We believe that the whole Bible in the originals is therefore
without error. We believe that all the Scriptures center about the
Lord Jesus Christ in His person and work in His first and second
coming and hence that no portion, even of the Old Testament, is
properly read, or understood, until it leads to Him. We also believe
that all the Scriptures were designed for our practical instruction
(Mark 12:26, 36; 13:11; Luke 24:27, 44; John 5:39; Acts 1:16;
17:2–3; 18:28; 26:22–23; Rom 15:4; 1 Cor 2:13; 10:11; 2 Tim 3:16; 2
Pet 1:21).
THE GODHEAD
We believe that the Godhead eternally exists in three persons—the
Father, the Son, and the Holy Spirit—and that these three are one
God, having precisely the same nature, attributes, and perfections,
and worthy of precisely the same homage, confidence, and obedience
(Matt. 28:18-19; Mark 12:29; John 1:14; Acts 5:3-4; 2 Cor 13:14; Heb
1:1–3; Rev 1:4–6).
ANGELS,
FALLEN AND UNFALLEN
We believe that God created an innumerable company of sinless,
spiritual beings, known as angels; that one, “Lucifer, son of the
morning”—the highest in rank—sinned through pride, thereby becoming
Satan; that a great company of the angels followed him in his moral
fall, some of whom became demons and are active as his agents and
associates in the prosecution of his unholy purposes, while others
who fell are “reserved in everlasting chains under darkness unto the
judgment of the great day” (Isa 14:12–17; Ezek 28:11–19; I Tim 3:6;
2 Pet 2:4; Jude 6).
We believe that Satan is the originator of sin, and that, under the
permission of God, he, through subtlety, led mankind's first parents
into transgression, thereby accomplishing their moral fall and
subjecting them and their posterity to his own power; that he is the
enemy of God and the people of God, opposing and exalting himself
above all that is called God or that is worshipped; and that he who
in the beginning said “I will be like the most High,” in his warfare
appears as an angel of light even counterfeiting the works of God by
fostering religious movements and systems of doctrine, which systems
in every case are characterized by a denial of the efficacy of the
blood of Christ and of salvation by grace alone (Gen 3:1–19; Rom
5:12–14; 2 Cor 4:3–4; 11:13–15; Eph 6:10–12; 2 Thess 2:4; I Tim
4:1–3).
We believe that Satan was judged at the Cross, though not then
executed, and that he, a usurper, now rules as the “god of this
world”; that, at the Second Coming of Christ, Satan will be bound
and cast into the abyss for a thousand years, and after a thousand
years he will be loosed for a little season and then “cast into the
lake of fire and brimstone,” where he “shall be tormented day and
night forever and ever” (Col 2:15; Rev 20:1–3, 10).

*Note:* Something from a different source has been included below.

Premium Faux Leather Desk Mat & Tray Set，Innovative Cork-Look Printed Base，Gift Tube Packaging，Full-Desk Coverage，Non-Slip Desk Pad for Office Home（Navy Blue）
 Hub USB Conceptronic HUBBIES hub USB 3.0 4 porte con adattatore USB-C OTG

We believe that a great company of angels kept their holy estate and
are before the throne of God, from whence they are sent forth as
ministering spirits to minister for them who shall be heirs of
salvation (Luke 15:10; Eph 1:21; Heb 1:14; Rev 7:12). We believe
that man was made lower than the angels; and that, in His
incarnation, Christ took for a little time this lower place that He
might lift the believer to His own sphere above the angels (Heb
2:6–10).
MAN,
CREATED AND FALLEN
We believe that man was originally created in the image and after
the likeness of God, and that he fell through sin, and, as a
consequence of his sin, lost his spiritual life, becoming dead in
trespasses and sins, and that he became subject to the power of the
devil. We also believe that this spiritual death, or total depravity
of human nature, has been transmitted to the entire human race of
man, the Man Christ Jesus alone being excepted; and hence that every
child of Adam is born into the world with a nature which not only
possesses no spark of divine life, but is essentially and
unchangeably fallen apart from divine grace (Gen 1:26; 2:17; Pss
14:1–3; 51:5; Jer 17:9; John 3:6; 5:40; 6:35; Rom 3:10–19; 8:6–7;
Eph. 2:1–3; 1 Tim 5:6; 1 John 3:8).
THE
DISPENSATIONS
We believe that the dispensations are stewardships by which God
administers His purpose on the earth through man under varying
responsibilities. We believe that the changes in the dispensational
dealings of God with man depend on changed conditions or situations
in which man is successively found with relation to God, and that
these changes are the result of the failures of man and the
judgments of God. We believe that different administrative
responsibilities of this character are manifest in the biblical
record, that they span the entire history of mankind, and that each
ends in the failure of man under the respective test and in an
ensuing judgment from God. We believe that three of these
dispensations or rules of life are the subject of extended
revelation in the Scriptures, viz., the dispensation of the Mosaic
Law, the present dispensation of grace, and the future dispensation
of the millennial kingdom. We believe that these are distinct and
are not to be intermingled or confused, as they are chronologically
successive.
We believe that the dispensations are not ways of salvation or
different methods of administering the so-called Covenant of Grace.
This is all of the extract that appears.